From WikiChip
Xiaomi - Microarchitectures - Phytium
< phytium
Revision as of 23:00, 1 May 2018 by Inject (talk | contribs) (Physical Design)

Edit Values
Xiaomi µarch
General Info
Arch TypeCPU
DesignerPhytium
ManufacturerTSMC
Introduction2017
Process28 nm
Pipeline
TypeSuperscalar
SpeculativeYes
Reg RenamingYes
Instructions
ISAARMv8
Cache
L1I Cache32 KiB/Core
L1D Cache32 KiB/Core
L2 Cache4 MiB/Panel
L3 Cache16 MiB/CMC
Cores
Core NamesFTC660,
FTC661

Xiaomi is an ARM microarchitecture designed in-house by Phytium for their consumer market and server-based microprocessors.

Brands

Codename Brand Description
Mars FT-2000
  • High performance
  • High bandwidth, Large memory
  • High bandwidth I/O
  • Large scale cache coherency
Earth FT-1500A
  • Moderate performance
  • High power efficiency
  • High density computing
  • Low cost

Architecture

Overview

  • Fully ARMv8 compatible
    • Support AArch32 and AArch64 modes
    • EL0-EL3 supported
    • ASIMD-128
  • 28 nm process
  • Scalable design
    • 4 to 64 cores
  • Mesh topology network-on-chip
  • Panel-based (grid) architecture
  • Global cache coherency
  • 2x DDR3-1600 channels per panel
  • 2x 16-lane PCIe 3.0

Panel Architecture

xiaomi panel-based data affinity architecture.png

Phytium organizes their processors using a grid-layout they call Panels they call Panel-based data affinity architecture. Each panel consists of 8 independent ARMv8-compatible cores. Phytium "Mars" processor consists of 8 such panels for a total of 64 cores. Panels are interconnected with a 2-dimensional mesh network-on-a-chip level 2 cache with 4 MiB per panel for a total of 32 MiB.

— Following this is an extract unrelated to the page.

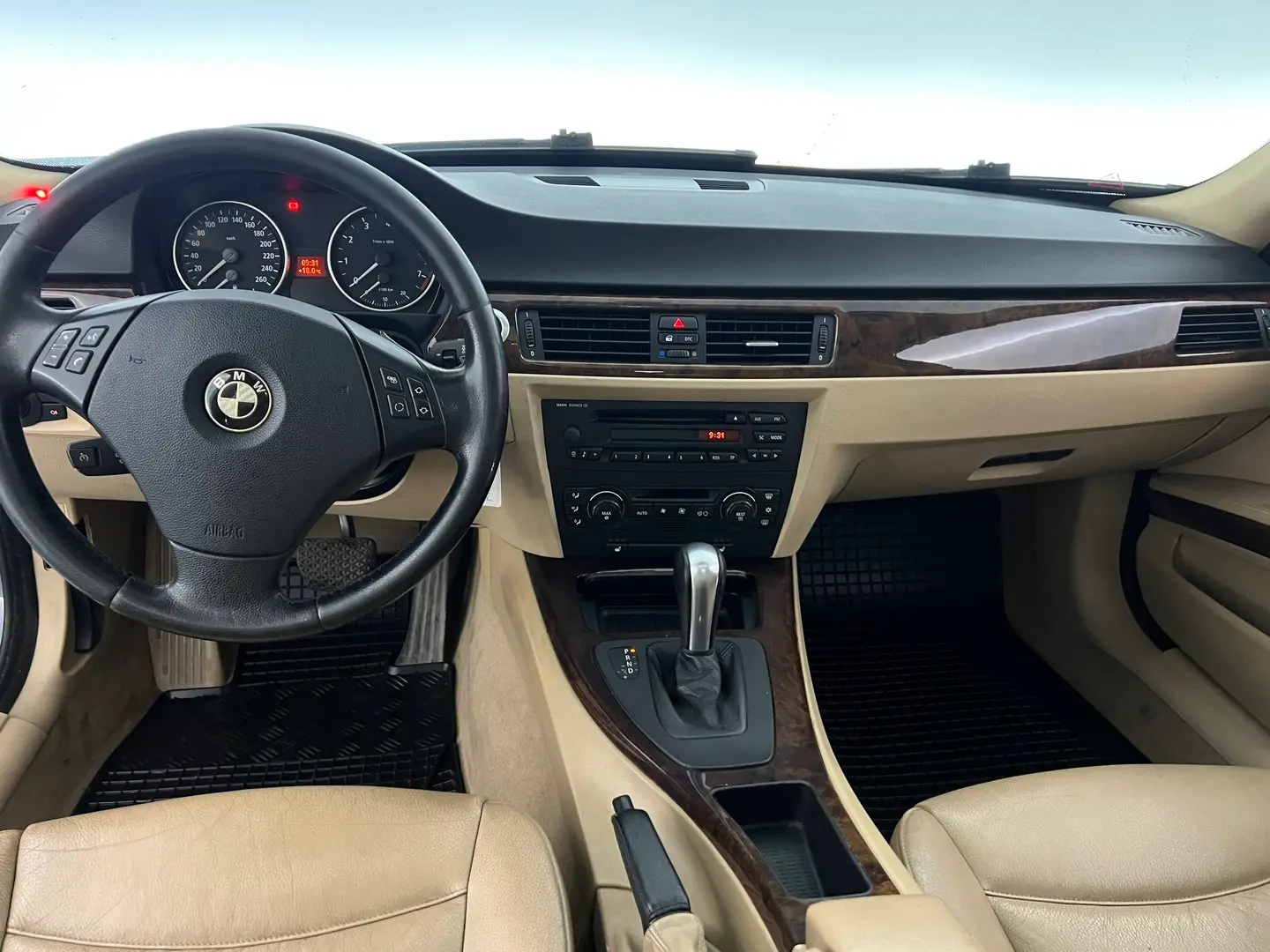 Car Image - 3PHFcUCAKJ716wHjfPtLSs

In addition to the main die, Mars uses an additional Cache & Memory chips (CMC) auxiliary chips. "Mars" uses 8 such chips connected to the main die providing 16 MiB of level 3 cache for a total of 128 MiB as well as 8 dual-channel DDR3-1600 memory controllers for a total maximum bandwidth of 204 GiB/s. Mars also provides two 16-lane PCIe 3.0 interfaces. The chips incorporates ECC and parity protection on all caches, tags, and TLBs.

Panel

Each Panel consists of 8 cores - each ARMv8-compatible, supporting AArch32 and AArch64 modes, Exception Levels EL0-EL3, as well as ASIMD-128 operations. Each core has its own inclusive L1 cache and a shared L2 cache (4 MiB per panel). Each panel contains two Directory Control Units (DCU) which are in charge of maintaining directory-based cache coherency and one routing cell for managing the inter-panel communication.

On TSMC's 28 nm process, a panel is 6,000 µm x 10,600 µm (63.6 mm²).

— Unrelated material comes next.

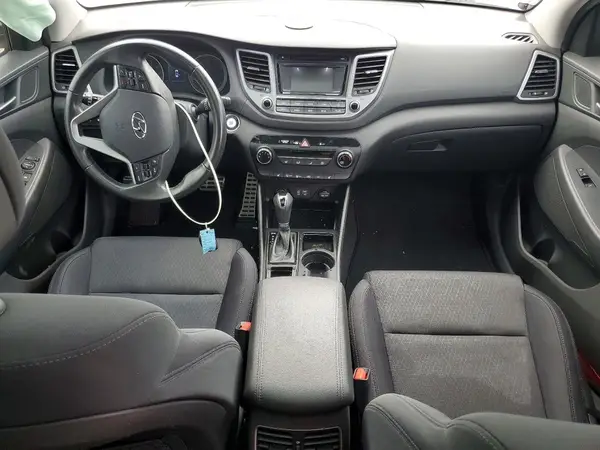 KM8J33A26HU551515 2017 HYUNDAI TUCSON - Image 8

xiaomi panel.png   xiaomi panel die (28nm).png

Cache & Memory Chip (CMC)

xiaomi cmc.png

The solve the complexity involved in having more than eight memory controllers on a chip, Xiaomi uses a coupled auxiliary Cache & Memory Chip (CMC) to scale the bandwidth with computing power. In the case of Phytium "Mars" chip which contains 64 cores on 8 panels, eight CMC chips are used which provides 16 DDR3 controllers (8x2) along with 16 MiB of data L3 cache and 2 MiB of data ECC. Phytium proprietary interface is used between the processor and the CMC chip.

xiaomi latency.png
Memory access Latency(ns)
Local L1 cache hit ~2
Local L2 cache hit ~8
Affinitive L2 cache hit ~20
Affinitive L3 cache hit ~36
Affinitive DDR access ~70
  • Panel & NoC operates @ 2 GHz
  • CMC operates @ 1.5 GHz

Block Diagram

xiaomi block diagram.svg

Memory Hierarchy

  • Cache
    • ECC and parity protection on all caches, tags, and TLBs
    • L1I Cache
      • 32 KiB
    • L1D Cache
      • 32 KiB
      • 4 cycles for fastest load-to-use
    • L2 Cache
    • L3 Cache

Pipeline

Each Xiaomi core is an ARMv8-compatible core implemented as a superscalar, out-of-order, 4-decode/4-dispatch pipeline with a hybrid branch prediction.

Front End

The front-end consists of the instruction caches & prefetches, fetching of instructions, and decoding. Xiaomi cores contain a 32 KiB L1 instruction cache with a prefetcher designed to reduce caches misses. On hits, 2 cycles are required for retrieval of instructions from the L1. Xiaomi has a hybrid branch predictor made of a TAGE predictor and a 512-entry indirect predictor. The BP unit also has a 48-entry Return Address Stack (RAS) for speculative subroutine return and a 2K-entry BTB. Up to four instructions can be fetches each cycle into the instruction buffer which is 32 entries in size.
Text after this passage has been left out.